PaddlePaddle / Paddle

PArallel Distributed Deep LEarning: Machine Learning Framework from Industrial Practice (『飞桨』核心框架,深度学习&机器学习高性能单机、分布式训练和跨平台部署)
http://www.paddlepaddle.org/
Apache License 2.0
22.23k stars 5.58k forks source link

Memory leaks when doing CPU inference with MKLDNN #25506

Closed cryoco closed 4 years ago

cryoco commented 4 years ago

System information Paddle version: 1.8.2 Paddle With CUDA: False OS: Ubuntu 16.04 CPU: 16 Intel(R) Xeon(R) CPU E5-2620 v3 @ 2.40GHz Python version: 3.5.2 CUDA version: 9.0.176 cuDNN version: None.None.None Nvidia driver version: None API information: inference configuration

config.disable_gpu()
config.enable_mkldnn()
config.set_cpu_math_library_num_threads(4)

To Reproduce

  1. download models and data
  2. perform inference with mkldnn code to reproduce: test_ocr_mkldnn_mem.txt(rename to test_ocr_mkldnn_mem.py)
  1. perform inference without mkldnn
    • detection
      python3 test_ocr_mkldnn_mem.py --model_file=./ch_det_mv3_db/model --params_file=./ch_det_mv3_db/params --mode=det 
    • recognition
      python3 test_ocr_mkldnn_mem.py --model_file=./ch_rec_mv3_crnn/model --params_file=./ch_rec_mv3_crnn/params --mode=rec

      Memory usage will maintain stable.

The input shapes we use in OCR are dynamic, which might be relevant to this issue.

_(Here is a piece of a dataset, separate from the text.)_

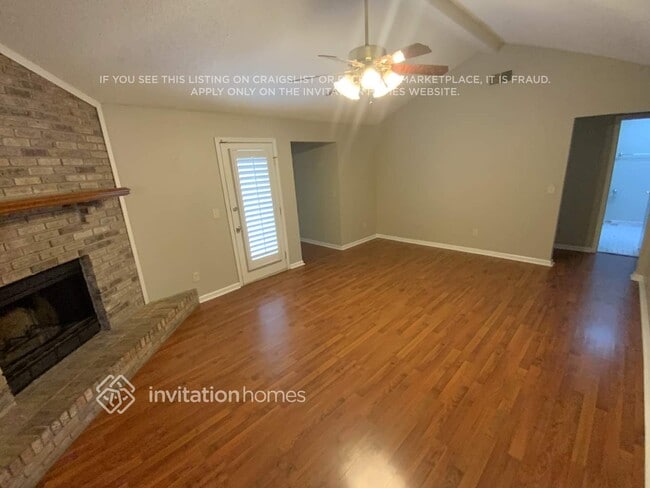 10324 Huntington Forest Blvd E in Jacksonville, FL - Foto de edificio - Building Photo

luotao1 commented 4 years ago

Please use SetMkldnnCacheCapacity interface. https://github.com/PaddlePaddle/Paddle/blob/126d3d693b0b5ebdbef5c6d315bad86b701ebcea/paddle/fluid/inference/api/paddle_analysis_config.h#L348-L355

cryoco commented 4 years ago

Please use SetMkldnnCacheCapacity interface. https://github.com/PaddlePaddle/Paddle/blob/126d3d693b0b5ebdbef5c6d315bad86b701ebcea/paddle/fluid/inference/api/paddle_analysis_config.h#L348-L355

  • It is used in paddle/fluid/inference/tests/api/analyzer_detect_tester.cc, which is dynamic shape as well.
  • This interface only has C++/C API, you may wrap a python API for it.

Tried setting MKLDNN cache capacity to 10/20/100/1024, but still got the memory leak :(

cryoco commented 4 years ago

Added python api set_mkldnn_cache_capacity in PR#25524, which might be useful in debugging and solving this issue.

wojtuss commented 4 years ago

@cryoco I got the same error as in https://github.com/PaddlePaddle/Paddle/issues/25507#issuecomment-658228096. Is another model required here as well?

luotao1 commented 4 years ago

This issue use the same model as #25507. And https://github.com/PaddlePaddle/Paddle/issues/25507#issuecomment-658636558 updates the model link.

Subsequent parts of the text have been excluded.